|Ph.D Student||Cohen Nadav|
|Subject||Theoretical and Experimental Study of Double-Well|
|Department||Department of Mechanical Engineering||Supervisor||Professor Izhak Bucher|
|Full Thesis text|
The study of vibration energy-harvesting has begun in the 1990’s by investigating the feasibility of using resonant-oscillator to convert mechanical to electrical energy.
The present research proposes methods to overcome the inherent limitation of nature energy sources that exhibit unsteady low frequencies motions.
A system designed to resonate at low frequencies and high acceleration inputs, requires large base displacements imposing an unrealistic constraint on the size of the enclosure, leading to devices working in a sub-resonance regime, resulting in low power outputs.

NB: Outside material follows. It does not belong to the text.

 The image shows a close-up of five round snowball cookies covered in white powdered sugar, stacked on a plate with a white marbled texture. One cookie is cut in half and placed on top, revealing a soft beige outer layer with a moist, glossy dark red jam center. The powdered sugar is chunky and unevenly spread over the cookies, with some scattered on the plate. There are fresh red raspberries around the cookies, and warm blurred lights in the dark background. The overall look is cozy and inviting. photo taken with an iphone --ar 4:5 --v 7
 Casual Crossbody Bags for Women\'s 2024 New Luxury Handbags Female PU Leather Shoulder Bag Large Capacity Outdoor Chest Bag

The thesis studies the potential benefit of incorporating a nonlinear bistable oscillator in an energy harvester (NBEH). The advantage in adding a nonlinear potential barrier (PB) into a conventional resonating harvester is studied and explained by means of analytical and numerical models and validated via extensive laboratory experiments.

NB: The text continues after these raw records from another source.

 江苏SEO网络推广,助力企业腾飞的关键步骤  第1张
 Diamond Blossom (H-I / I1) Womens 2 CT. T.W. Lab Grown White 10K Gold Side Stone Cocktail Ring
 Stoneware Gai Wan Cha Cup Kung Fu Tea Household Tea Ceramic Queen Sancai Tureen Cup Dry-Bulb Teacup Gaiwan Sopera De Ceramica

An NBEH excited by low frequencies exhibits vibrations characterized by a combination of slow and non-stationary fast oscillations. A non-parametric response decomposition approach is employed separating the slow and fast parts. This decomposition provides insight into the effect of the nonlinear PB by identifying the evolution of instantaneous amplitude and frequency. The components are utilized to identify the backbone-curves of the two asymmetric potential-wells and the nonlinear stiffness of the system. The proposed decomposition and analysis allow to examine the transient dynamics near the PB without resorting to averaging or perturbation based methods. This approach and the subsequent analysis are demonstrated via numerical and experiment results.

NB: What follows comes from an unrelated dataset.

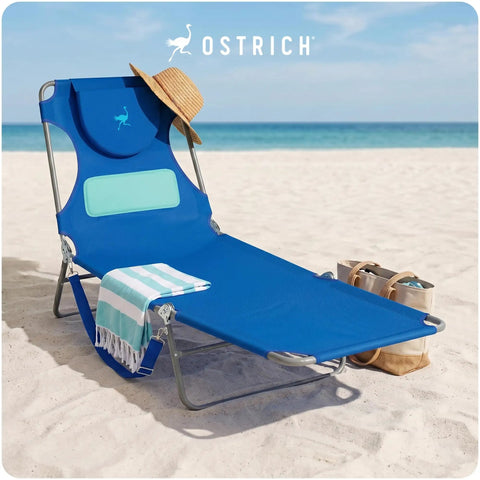 Ladies Chest-Support Comfort Lounger Foldable Portable Reclining Outdoor Chair For Beach Pool Patio Camping Tanning Lounging Lawn Sunbathing in Ocean Blue on beach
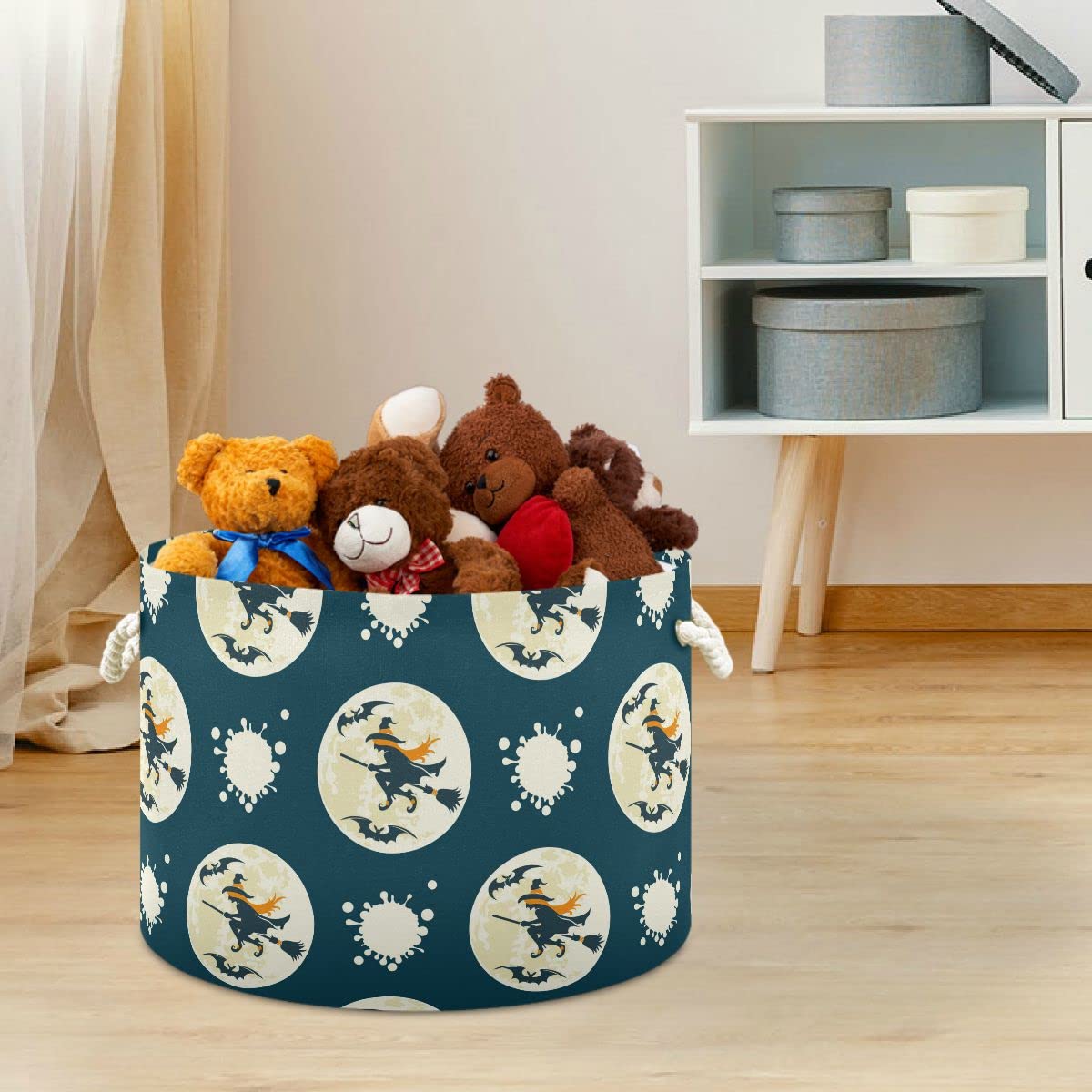 Halloween Full Moon Witch Large Storage Basket - Toy Bin, Kids Laundry Hamper for Nursery Clothes, Books & Home Decor | Perfect for Halloween Decorations, Kids' Room Organization & Seasonal Storage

Analytical models representing such a system are formalized. Through the use of the models, the orbital-stability of the NBEH is studied, explaining most of the period-doubling and symmetry-breaking bifurcations arising when such an oscillator is excited. A simplified model is developed to obtain analytical prediction of the harvested power in this case. The proposed model is verified through analytical and numerical analysis and some experimental results.
The NBEH is also investigated when excited by random, band-limited vibrations. It is shown that nonlinear NBEHs perform considerably better than their linear counterpart under band-limited excitation in certain regions. A sharp increase in performance is observed for band-limited random excitation along a well-defined region in the input-level and bandwidth plane. The results of simulated, partially analytical and experimental studies are compared and analyzed to perform mutual validation.
In addition to the stated above, the concept of utilizing NBEHs having more than one degree of freedom is studied. Two such prototypes are designed and studied via experimental investigation.